Since all the plants will have been stopped by next June, the country will suffer a 30 per cent loss of electricity generation capacity if they do not re-open because of local pressure. That will inflict serious damage on the Japanese economy. And the prospect is that this is a scenario which could endure for three years if, as seems likely, the current uncertainties remain unresolved.

But if the Japanese public remains adamant and elects to have a nuclear-free future, the costs are going to be significant. Sticking with some form of fossil fuel solution would be pricey. Gas-powered reactors could be built relatively quickly but the price of the extra imported gas could run to $38 billion a year. That would translate into household bills increasing by 18 per cent and industry's costs up by 36 per cent. The implications for industry are devastating.
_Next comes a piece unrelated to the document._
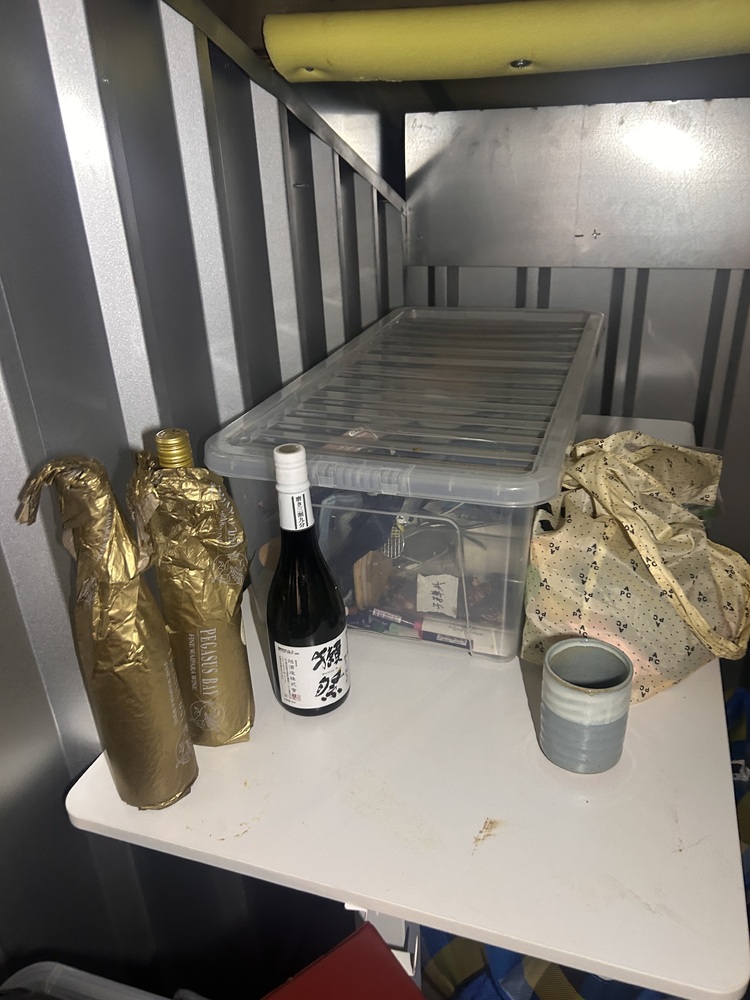 Hornsey Storage auction IB-6024 10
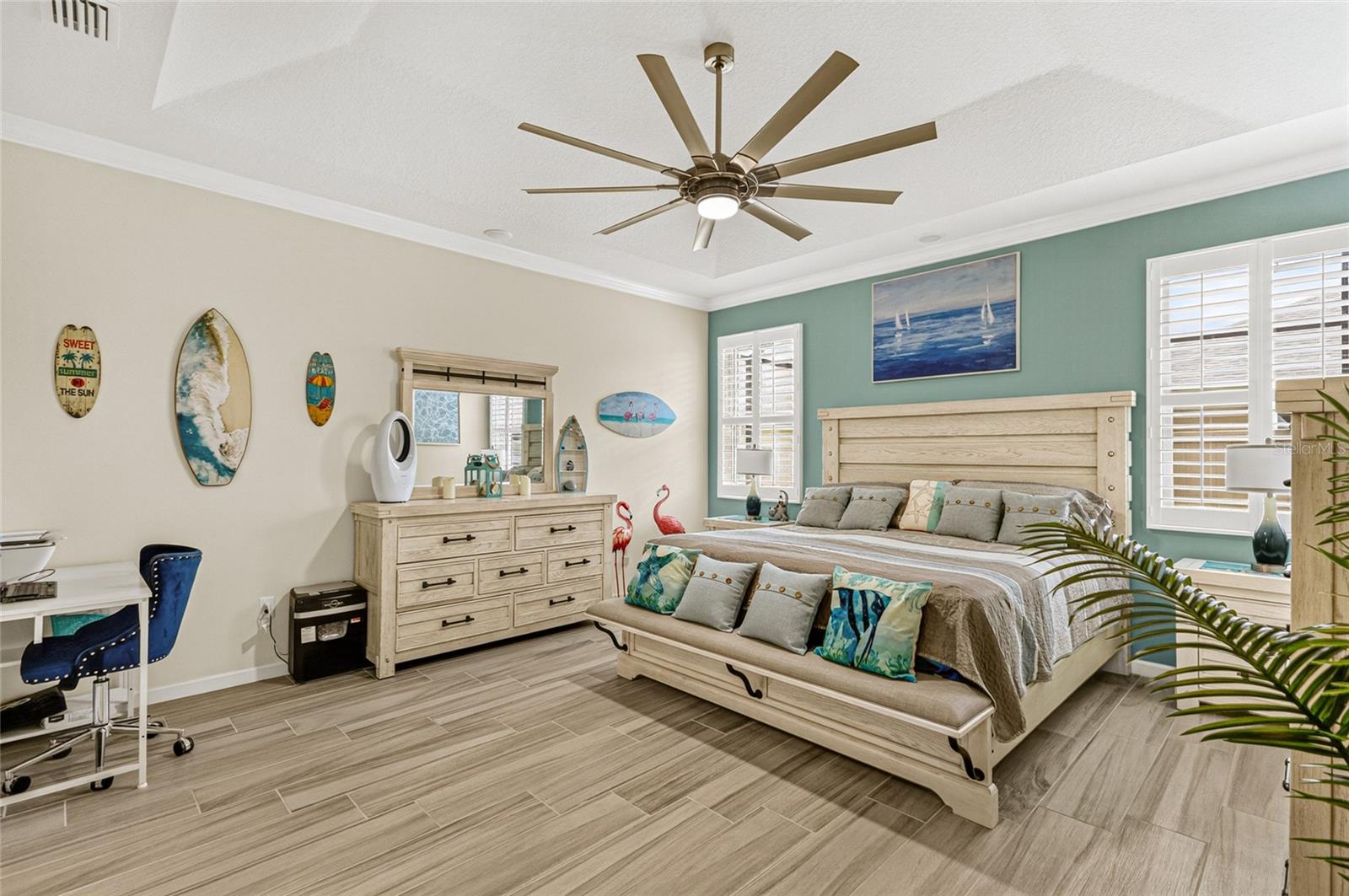 CRYSTAL BAY PH THREE - Residential Lease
In addition, the country's emissions would rise by 18 per cent above the 1990 levels, shredding its international commitments on global warming.

But alternatives such as the development of renewable energy do not present a cheap option. Replacing just one gigawatt of nuclear power output would require 1.9 million photo voltaic cells covering an area equivalent to 1,204 baseball parks and 4,000 windmills covering 4,442 baseball parks.

Replacing all of Japan's nuclear plants with renewables would require 200 gigawatts of photo voltaic cells covering 5,260 square kilometres and costing $1 trillion and 152 gigawatts output from windmills covering 5,000 square kilometres and costing $375 billion. And those costs take no account of the need for grid stabilization and for back-up power from batteries when the wind does not blow consistently. The 'green' alternatives then are far more costly than the thermal and nuclear alternatives.

'Widespread nuclear phobia after Fukushima is not surprising,' said Mr Arima. 'The Japanese people could choose a nuclear-free world, if it's their wish, but its economic consequences over the next 5-20 years needs to be fully analyzed beforehand.'

A senior executive of one of the Japanese companies most involved in building generation capacity around the world warned of the long lead times and uncertainties in setting up alternative generation programmes and the difficulties involved in those building and operating the plants making a fair return on their investment.
In setting up a wind or photo voltaic plant, the firm would first need to undertake an extensive period of data collection to ascertain whether the site was suitable before going through the process of acquiring the site and obtaining the necessary local permissions. Even this latter can be risky given vague parameters and unpredictable political conditions. Often extensive development of sites could be undertaken only to have permission refused at the last moment.

On one site in eastern Europe the firm recently had its period of operating the plant, when profits are typically generated, reduced from 15 to 13 years, seriously threatening the viability of the project and forcing the firm to consider pulling out.

Though the firm has had little success in Japan, it recently examined the possibility of building and operating an alternative energy generating plant there, only to find that while it would need to generate 4-6 yen per kilowatt hour to make it viable, only 2.6 yen could be expected.